As are my Levi’s. Here is what I can recall. I bought this pair at a shop on lower Broadway a dozen years ago or more. I can’t recall the season but, for all you denim aficionados of a certain age, it was the period when the reign of low-cut/boot-cut was under threat from no-whisker skinny. It was a confusing time for thighs and asses. I must have been looking for a jean that wasn’t trying to be flattering, wasn’t promising to make my legs look longer or my calves more gamine. I didn’t want fashion; I wanted jeans. These Offenders – their Levi’s-given name, not mine – offered a button fly that nodded to boyfriend wear; a rise that was low but not thong-exposing; a leg so ordinary it’s hard to describe as anything except…ordinary. They weren’t distressed but they weren’t stiff. They were topstitched and blue, as jeans should be.
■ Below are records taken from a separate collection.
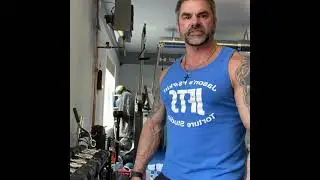 Side lateral raises triple drop sets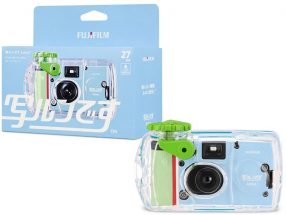 写ルンです」40周年記念！ 水深10m対応の防水モデル「写ルンです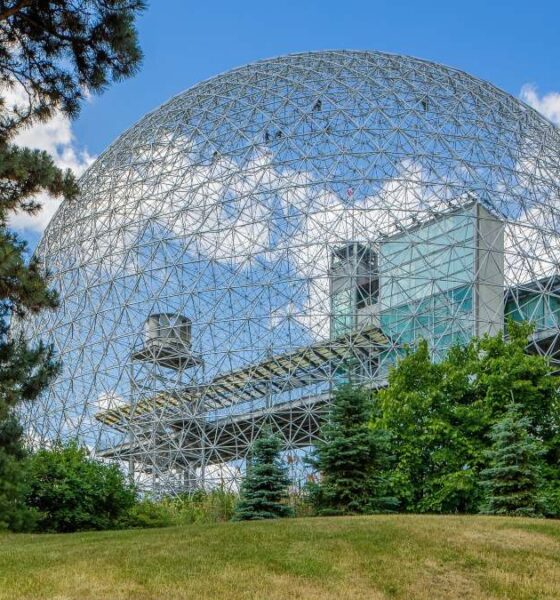 LA BIOSFERA DE MONTREAL_ EL MUSEO DEL MEDIO AMBIENTE. Foto - Ville-Marie(Expedia)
When I tried them on they drooped enough in the behind to reference “anti-fit” (how denim folks describe jeans that actually butt up against a woman’s natural curves) without looking self-consciously ugly. They felt a bit like my old 501s, but without the weird natural waistline that makes everything look MOM.

If this all sounds a bit wonky and overthought, please put that on me and not on the Offenders. They are blameless. They are simply jeans, and in all the confusion and fervor of that big denim moment—was it 2001?—they spoke to me like few things have or ever will. I wanted then to own things that referred to my life before I knew of the whimsical flirtations of fashion.

Sally Singer

I still have that urge. I am always trying to touch the ground, sartorially at least, in a whirligig life. I like a gold ball post for an earring. I like a gingham camp shirt.  A plain windbreaker.  And I feel these items buffer me, not just from the extreme aesthetic promiscuity that my career in fashion demands, but from the emotional zigs and zags that life throws up more generally. Is it a banal coincidence that I wore these Levi’s (with a peacoat and sweatshirt) to pace the city when I thought I had lost everything and just putting one foot in front of the other was all I could muster for optimism? That they went hiking with me (and a white guayabera) in Texas when I was as much in love as I may ever be? That they turn up in my suitcase every time I go to Europe for collections, if only to emerge on a Sunday (or that day during Paris that feels like Sunday) when you want to make any other statement except that you are working and it is Sunday? They crouched with me at the playground for the better part of a decade.

Clearly I can’t live without them, yet it’s hardly a model marriage. They tear constantly and I repair them…constantly. The butt has been invisibly mended with all manner of fusible interfacing four times, and every time I have paid the Chinese tailor $15 to sew up my ass, the knee splits; or I patch the knee and there goes the pocket. These Levis so don’t want to be perfect! I sometimes think they have a mind of their own.

And then I sometimes think that, with all their willful rips and worn through bits, my Offenders are trying to keep me wise about the bigger picture of a life. I loved them originally, after all, because they were the denim equivalent of a blank slate. How can anything stay that neutral, that bland and passive? We always want things to be perfect. And yet isn’t it wonderful when our things—our jeans, for god’s sake – keep us ever alert to the inevitability and glory of imperfection?